CTA hedged when it mattered most. An asymmetric return profile—better downside mitigation without sacrificing upside—is exactly what the strategy was designed to deliver.
- In months when the S&P 500 Index had a negative return, CTA posted an average +2.40% return.
- In months when the S&P 500 Index had a positive return, CTA also had a positive return, averaging +0.39%.
Source: Bloomberg. Data from 03/07/22 through 02/28/26. Traditional 60/40 portfolio = 60% S&P 500 Index, 40% Bloomberg US Aggregate Bond Index.
What Makes CTA Different
Not all managed futures strategies are built alike. CTA's differentiated process combines a core trend-following model with additional signals designed to enhance diversification, increase nimbleness, optimize position sizing, and aim for reduced drawdown risk. The models are evaluated and can be repositioned daily, allowing the strategy to adapt to shifting market regimes in real time.
The result is institutional-caliber execution—powered by Altis Partners' hedge fund algorithms—delivered in a daily liquid ETF with full transparency at a 0.75% gross expense ratio.
Four Years In, the Case Remains Strong
The macro backdrop that made CTA relevant in 2022 hasn't gone away. Positive stock-bond correlations, elevated inflation sensitivity, and geopolitical uncertainty aren't going anywhere quickly. For advisors building portfolios designed to hold up across regimes—not just in bull markets—the four-year track record of CTA makes a strong case for a dedicated managed futures allocation.
The data has spoken. The diversification worked. The returns were there. And the strategy did what it said it would do when it mattered most.
GLOSSARY
Annualized Volatility: Measures how much a stock price varies over one year.
Bloomberg US Aggregate Bond Index: A broad-based flagship benchmark that measures the investment grade, US dollar-denominated, fixed- rate taxable bond market. The index includes Treasuries, government-related and corporate securities, MBS (agency fixed-rate pass-throughs), ABS and CMBS (agency and non-agency).
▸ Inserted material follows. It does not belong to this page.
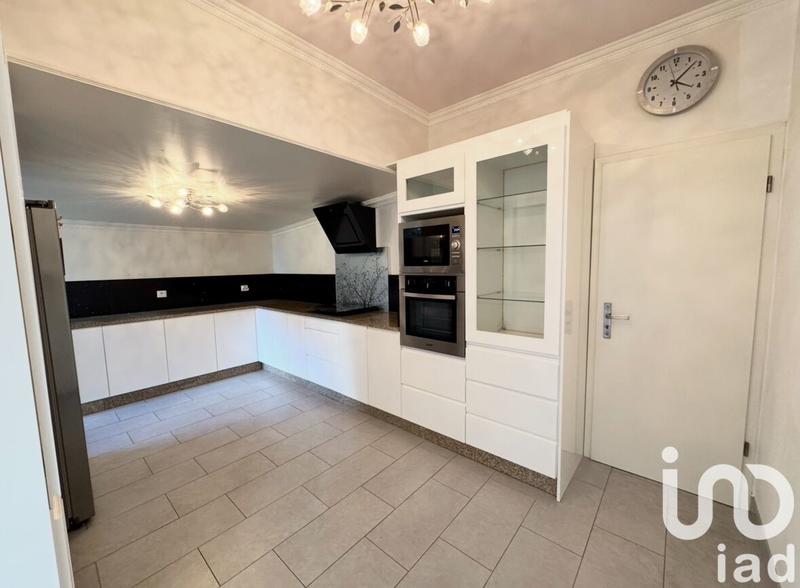 Maison - 165 m² - 7 pièces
Bloomberg US EQ:FI 60:40 Index (BBg 60/40): Designed to measure cross-asset market performance in the US. The index rebalances monthly to 60% equities and 40% fixed income. The equity and fixed income allocation is represented by Bloomberg US Large Cap (B500T) and Bloomberg US Agg (LBUSTRUU) respectively.
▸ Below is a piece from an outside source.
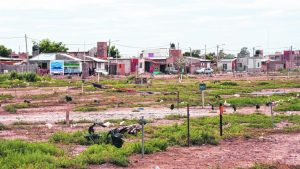 Insisten para que aparezcan más lotes sociales ante el déficit en Viedma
Bloomberg US Large Cap Index: A float-market-cap-weighted benchmark tracking the performance of the 500 most highly capitalized, investable companies in the US equity market. It acts as a comprehensive, real-time indicator for the performance of large-sized US companies.
Futures: Derivative financial contracts that obligate parties to buy or sell an asset at a predetermined future date and price. The buyer must purchase or the seller must sell the underlying asset at the set price, regardless of the current market price at the expiration date.
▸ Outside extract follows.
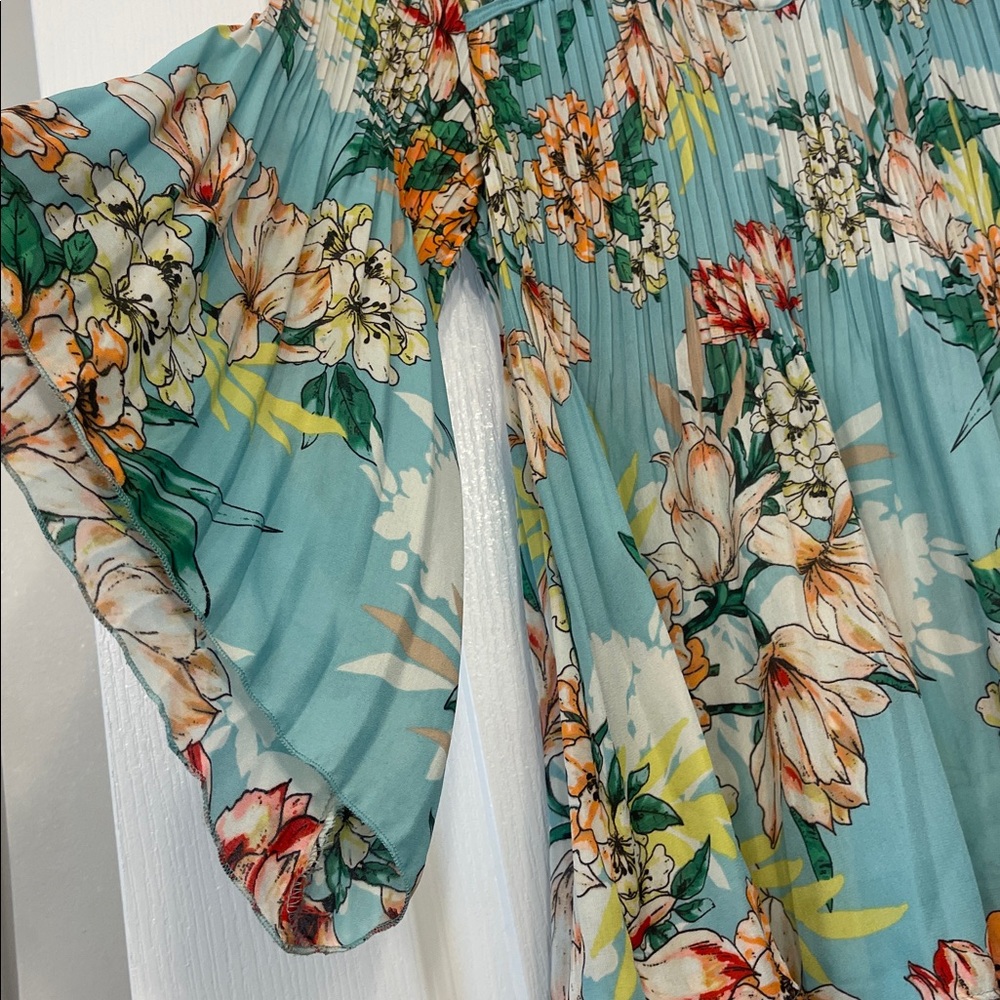 Floral Women's Top - Multicolor flowers, light, relax fit.  size M - Picture 3 of 8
Futures Contract: A legal agreement to buy or sell a particular commodity asset, or security at a predetermined price at a specified time in the future. Futures contracts are standardized for quality and quantity to facilitate trading on a futures exchange.
Maximum Drawdown: The maximum observed loss from a peak to a trough of a portfolio, before a new peak is attained. Maximum drawdown is an indicator of downside risk over a specified time period.
S&P 500 Index: The index includes 500 leading U.S. large cap companies and captures approximately 80% coverage of the available market.
SG CTA Index (SocGen CTA): Provides the market with a reliable daily performance benchmark of major commodity trading advisors (CTAs). Calculates the net daily rate of return for a group of 20 CTAs selected from the largest managers open to new investment. The SG CTA Index is equal-weighted and reconstituted annually and has become recognized as the key managed futures performance benchmark.
Sharpe Ratio: The ratio compares the return of an investment with its risk. It’s a mathematical expression of the insight that excess returns over a period of time may signify more volatility and risk, rather than investing skill.